In the copy of the lines below, leave out pictures and print everything else exactly.
========================================
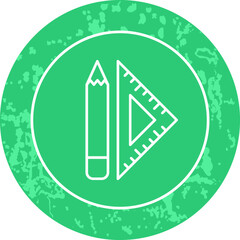 Unique Line Round Circle Icon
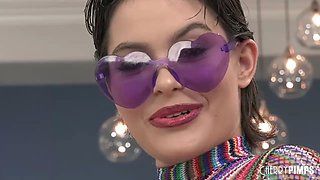 Nicole Aria entices with her jeweled speculum and Anal Toys before a fucking anal fuck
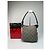 Triomphe Céline Vintage Celine Canvas Schultertasche Grau - Ansicht 2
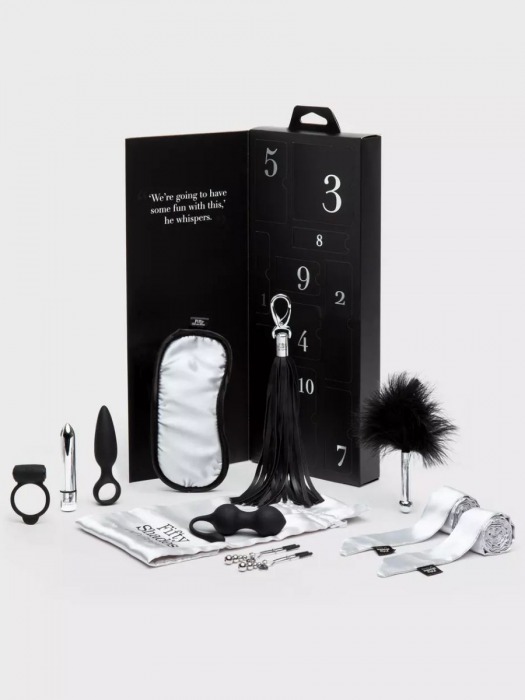 Эротический набор Pleasure Overload 10 Days of Play Gift Set - Fifty Shades of Grey - купить с доставкой в Нижнем Тагиле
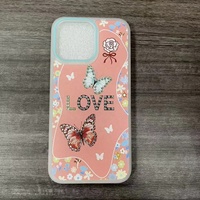 Coque de téléphone personnalisée Diamond Butterfly Love pour iPhone 18 17 16 15 14 13 12 11 et TECNO Spark50 Spark Go 3 Camon Slim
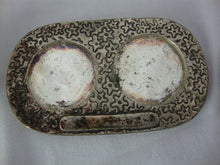 Load image into Gallery viewer, Vintage Pewter Fairy First Curl First Tooth Mini Trinket Jars with Lids and Oval Stand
========================================
**SOLUTION BELOW**
 Unique Line Round Circle Icon
 Nicole Aria entices with her jeweled speculum and Anal Toys before a fucking anal fuck
 Triomphe Céline Vintage Celine Canvas Schultertasche Grau - Ansicht 2
 Эротический набор Pleasure Overload 10 Days of Play Gift Set - Fifty Shades of Grey - купить с доставкой в Нижнем Тагиле
 Coque de téléphone personnalisée Diamond Butterfly Love pour iPhone 18 17 16 15 14 13 12 11 et TECNO Spark50 Spark Go 3 Camon Slim
 Load image into Gallery viewer, Vintage Pewter Fairy First Curl First Tooth Mini Trinket Jars with Lids and Oval Stand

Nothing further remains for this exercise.